* [INSTRUCTIONS TO FOLLOW]:
Every line from the first one in the data below through the line holding "Napoleones de Remolacha" is to be written out exactly, with the pictures omitted.

* [DATA BELOW]:
□ □ □ □
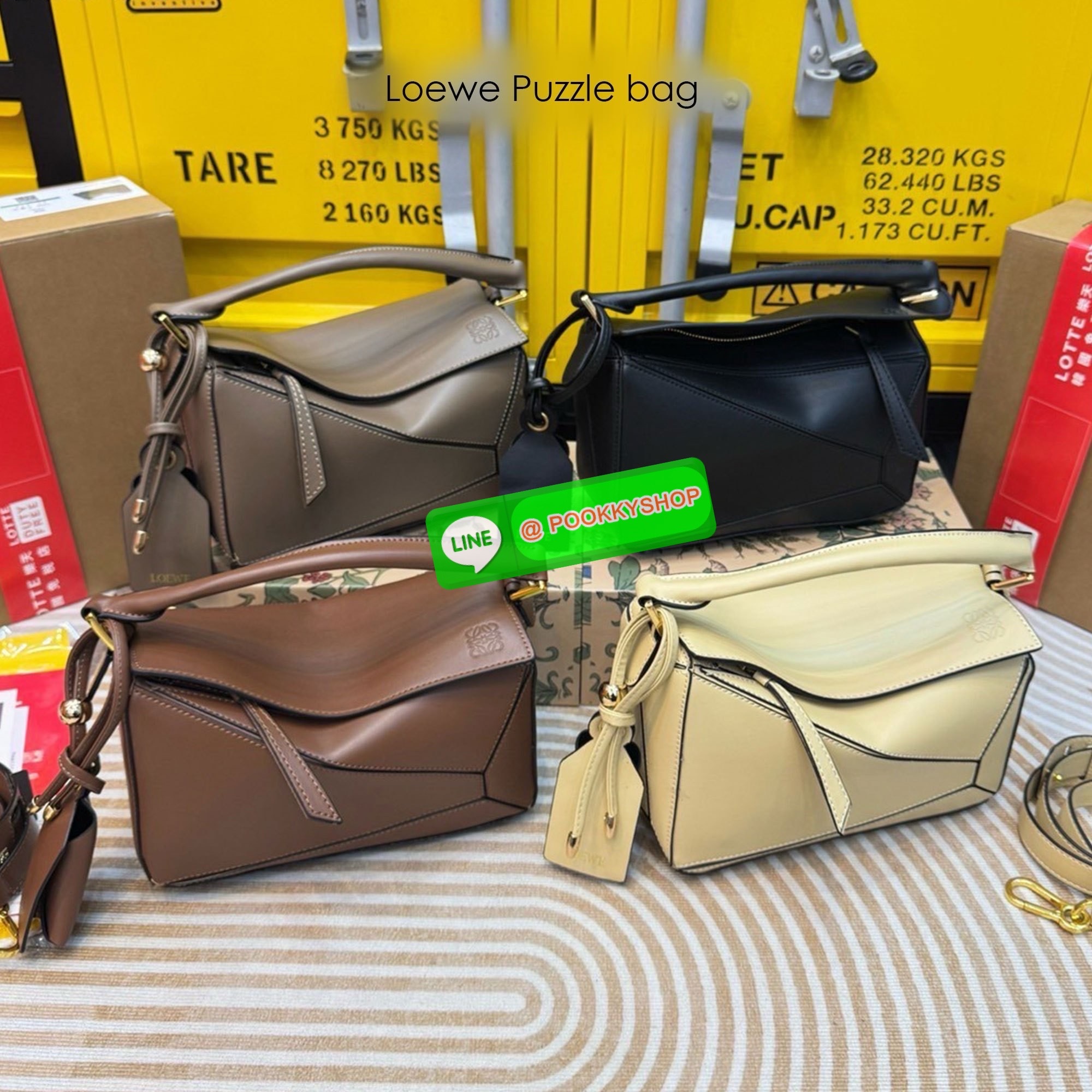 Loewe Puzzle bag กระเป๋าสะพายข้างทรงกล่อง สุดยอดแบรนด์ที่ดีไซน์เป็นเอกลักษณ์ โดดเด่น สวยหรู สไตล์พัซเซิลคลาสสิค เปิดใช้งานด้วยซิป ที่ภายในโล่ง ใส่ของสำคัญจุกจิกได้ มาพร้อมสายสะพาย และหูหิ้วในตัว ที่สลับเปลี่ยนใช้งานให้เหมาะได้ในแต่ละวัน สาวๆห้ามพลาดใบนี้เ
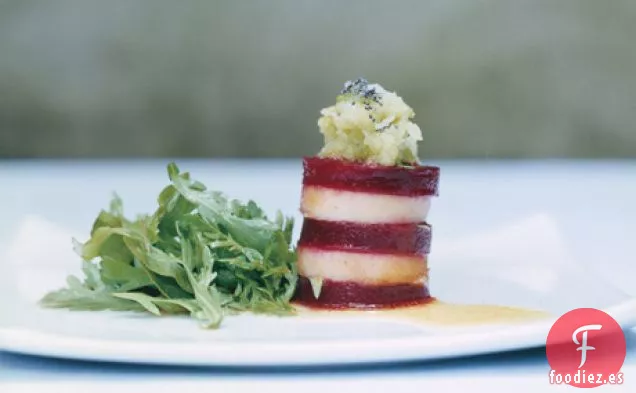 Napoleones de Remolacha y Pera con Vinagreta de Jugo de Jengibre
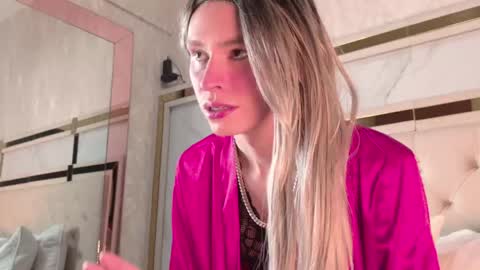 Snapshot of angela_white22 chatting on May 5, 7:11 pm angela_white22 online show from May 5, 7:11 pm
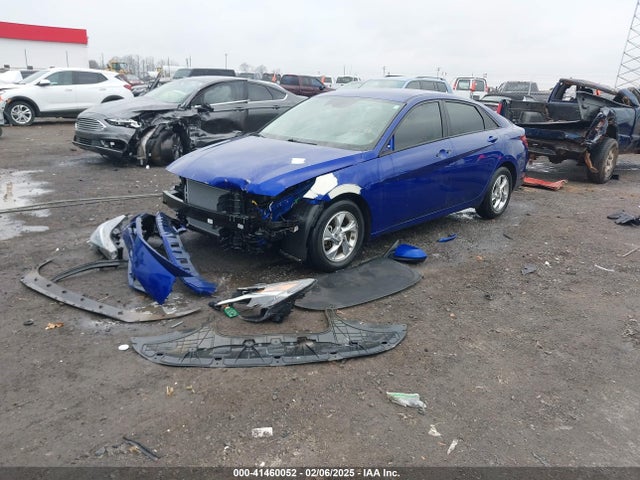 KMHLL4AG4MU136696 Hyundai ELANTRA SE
□ □ □ □
* [EXERCISE RESULT]:
 Loewe Puzzle bag กระเป๋าสะพายข้างทรงกล่อง สุดยอดแบรนด์ที่ดีไซน์เป็นเอกลักษณ์ โดดเด่น สวยหรู สไตล์พัซเซิลคลาสสิค เปิดใช้งานด้วยซิป ที่ภายในโล่ง ใส่ของสำคัญจุกจิกได้ มาพร้อมสายสะพาย และหูหิ้วในตัว ที่สลับเปลี่ยนใช้งานให้เหมาะได้ในแต่ละวัน สาวๆห้ามพลาดใบนี้เ
 Napoleones de Remolacha y Pera con Vinagreta de Jugo de Jengibre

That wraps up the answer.